# fancy feast



## ronss (Dec 12, 2010)

i bought some fancy feast from costco yesterday, the seafood variety box, canned....

what are your opinions about this food?

my cat sure likes it, probably more than any other food i have feed him


----------



## MissBoots (Apr 28, 2011)

Read the ingredients. The fact alone that they use "meat by-products" as an ingredient keeps me away. Meat can be any animal, and by-products can be meat in any condition or cut down to dead, decaying, diseased, etc. animals.


----------



## MissBoots (Apr 28, 2011)

This is from the "Classic Cod, Sole & Shrimp Feast"


> Cod, liver, meat by-products, fish, fish broth, sole, shrimp, artificial and natural flavors, guar gum, added color (Red 3 and other color), calcium phosphate, potassium chloride, salt, zinc sulfate, thiamine mononitrate, Vitamin E supplement, ferrous sulfate, niacin, manganese sulfate, calcium pantothenate, Vitamin A supplement, copper sulfate, menadione sodium bisulfite complex (source of Vitamin K activity), pyridoxine hydrochloride, riboflavin supplement, Vitamin B-12 supplement, biotin, folic acid, Vitamin D-3 supplement, potassium iodide.


----------



## Beckie210789 (May 9, 2011)

I would strongly suggest reading this thread :

http://www.catforum.com/forum/38-he...inks-why-canned-better-than-all-dry-diet.html

I'm still new here on the forums, and I don't want to start harping on good vs bad food, since I'm still learning myself. However, there is a wealth of information here on these forums about all types of diets for your cat. I hope you kept your receipt though, as that food is not very good for your cat.


----------



## ronss (Dec 12, 2010)

the writing on the cans is too small for my poor eyes....agree, meat-by products in not a good thing.......my cat sure likes the taste


----------



## ronss (Dec 12, 2010)

the writing on the cans is too small for my poor eyes....agree, meat-by products in not a good thing.......my cat sure likes the taste


----------



## dweamgoil (Feb 3, 2010)

ronss said:


> the writing on the cans is too small for my poor eyes....agree, meat-by products in not a good thing.......my cat sure likes the taste


Fancy Feast is like McDonald's for us. We LOVE the taste, but it's not very good for us at all. If I were you, I would just finish the case as you research a bit more. You can always make a more educated decision later.

Good luck!


----------



## catloverami (Jul 5, 2010)

I've heard FF referred to as "kitty crack"....warning it can be addictive! I used to keep a couple of cans on hand in case a cat got sick and/or went off its food. Few can resist FF.


----------



## MowMow (Nov 6, 2010)

Yeah, it seems like a lot of people have said once they start them on Fancy Feast it's really hard to get them off of it.


----------



## praline (Jun 3, 2011)

Ok ~ the by products isn't great but heck there are some high priced foods out there that have this as well.

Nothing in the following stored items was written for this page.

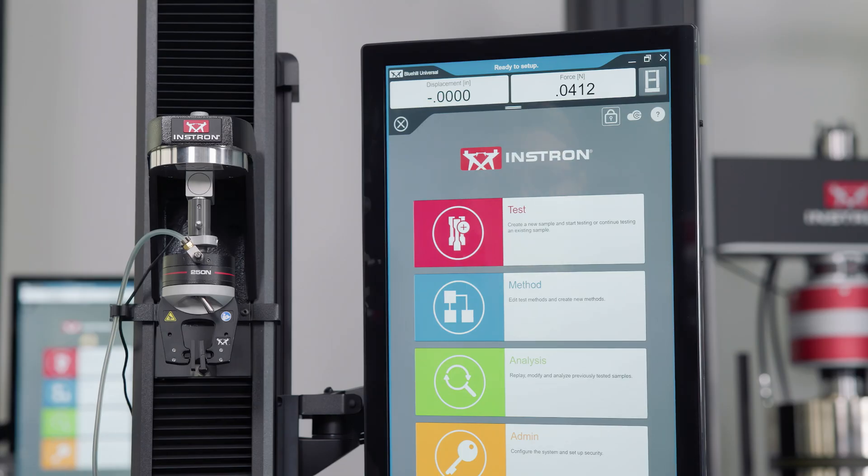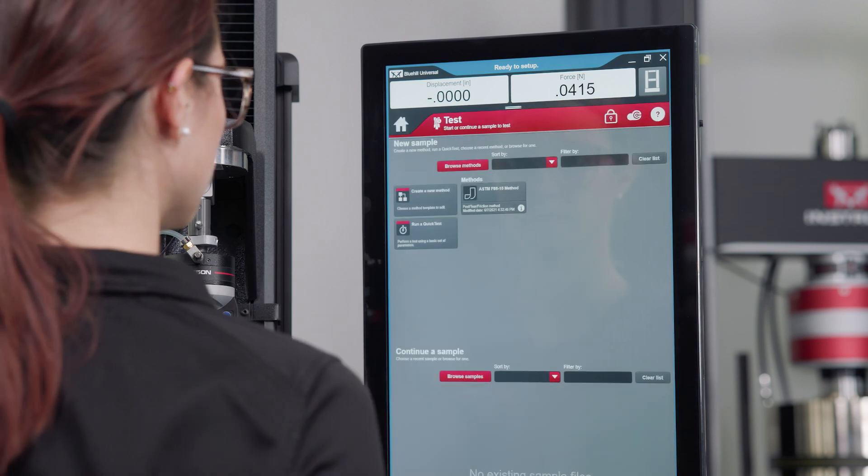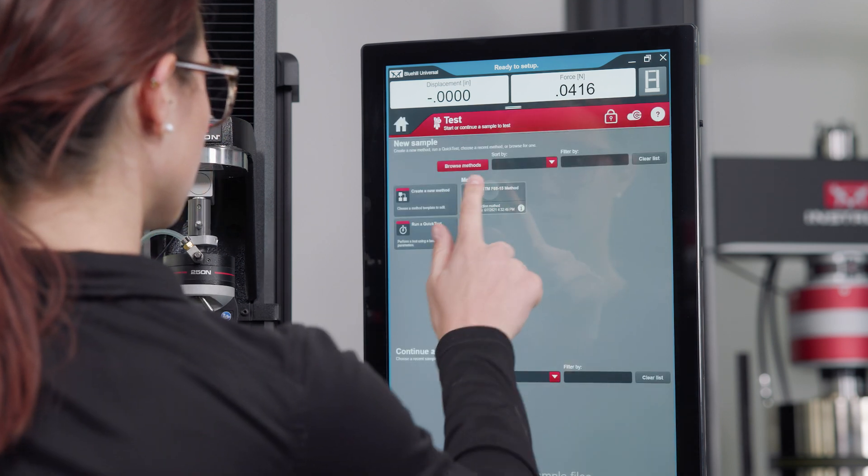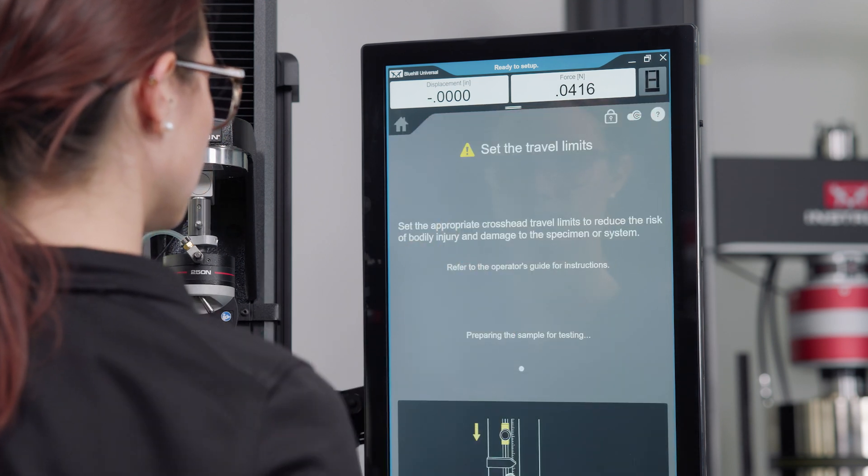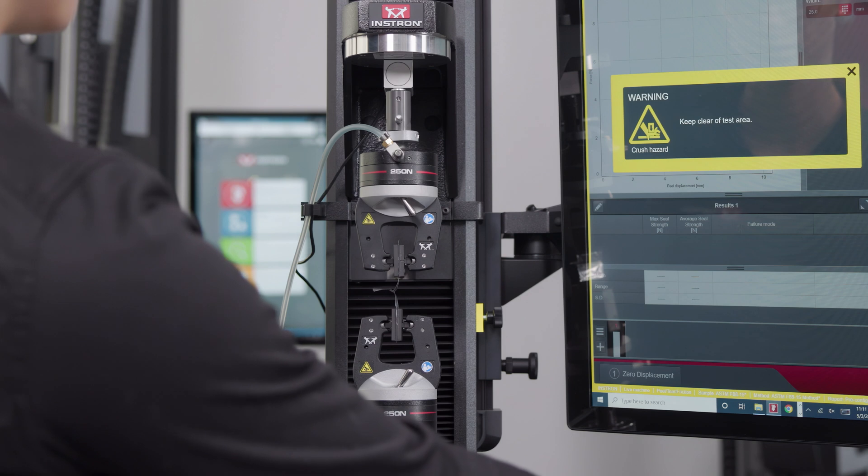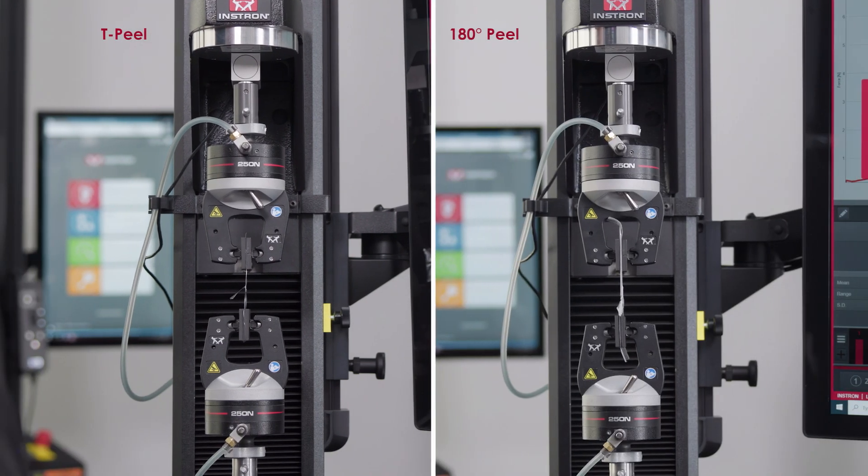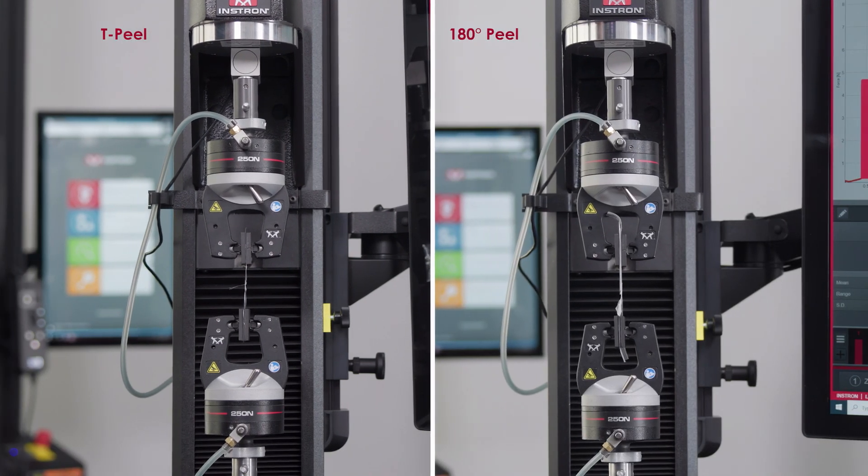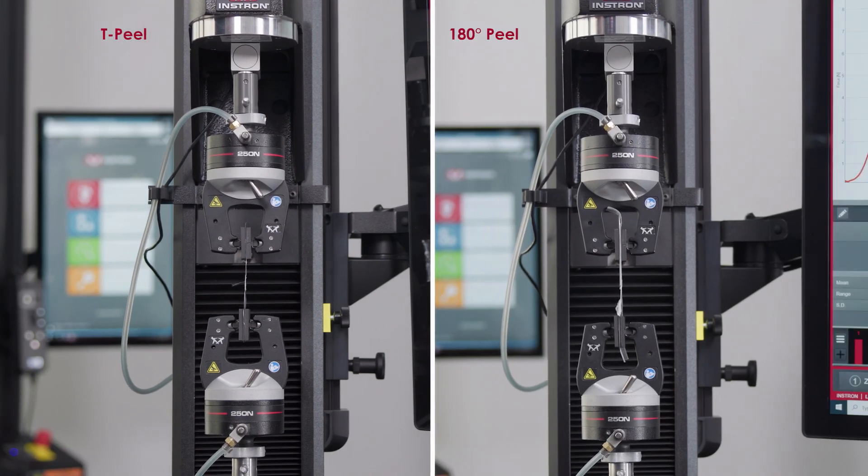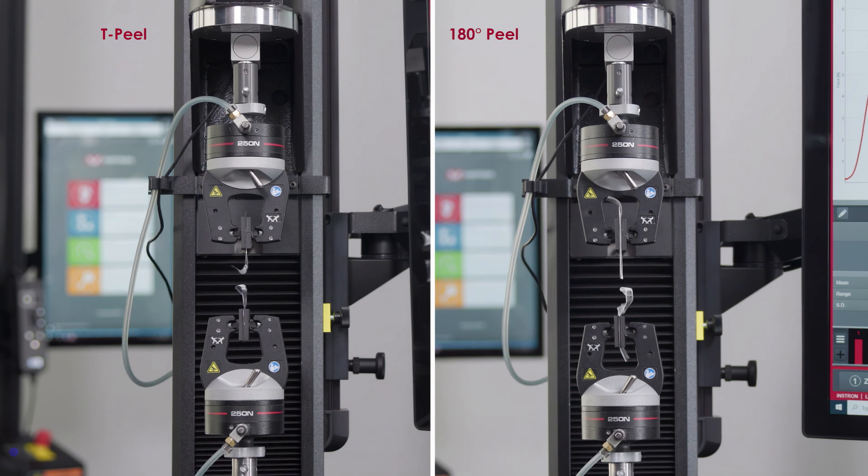The ASTM F88 test method is included in Bluehill Universal's Biomedical Method Suite. Bluehill Universal software correctly relates crosshead movement to the peel distance based on the specific peel type chosen.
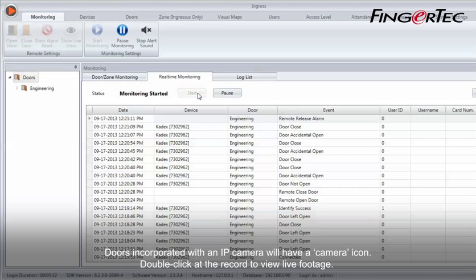Doors incorporated with an IP camera will have a camera icon. Double click on the record to view live footage.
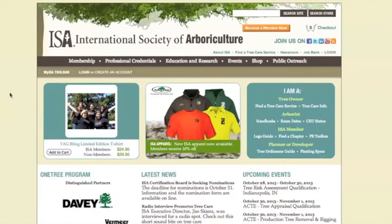Welcome to ISA's online CEU quiz tutorial. This video will help you navigate through the ISA website to purchase an online CEU quiz and to help you monitor your progress on purchased quizzes.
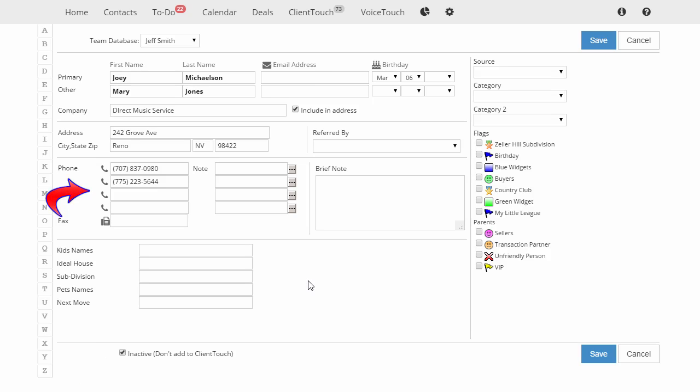Let's put in our phone numbers. With each phone number we can put a note here. If it's a basic note like home, cell, or work, just click on these dots. If you want to put a special note in here, then just type it in.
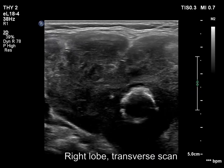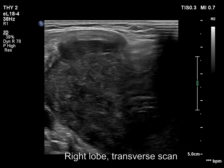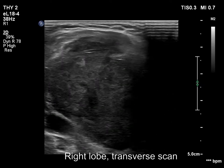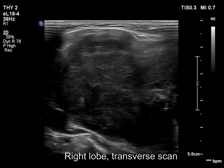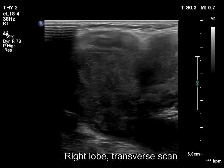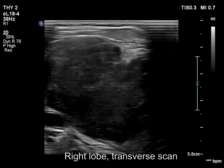The right lobe has a large, irregular hypoechoic mass. The mass has an irregular, lobulated surface.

NOW ~ the REALLY dangerous thing about Fancy feast can be found later down the line of ingredients:

menadione sodium bisulfite complex (source of Vitamin K activity)

This stuff is HORRIBLE. The FDA has banned this as it is toxic. The World Health Organization and many other countries have completely banned it out of everything.

What do our great and wonderful pet food companies do?! Oh its toxic to humans? SOOOO what about pets, they will eat it ~ they will eat anything.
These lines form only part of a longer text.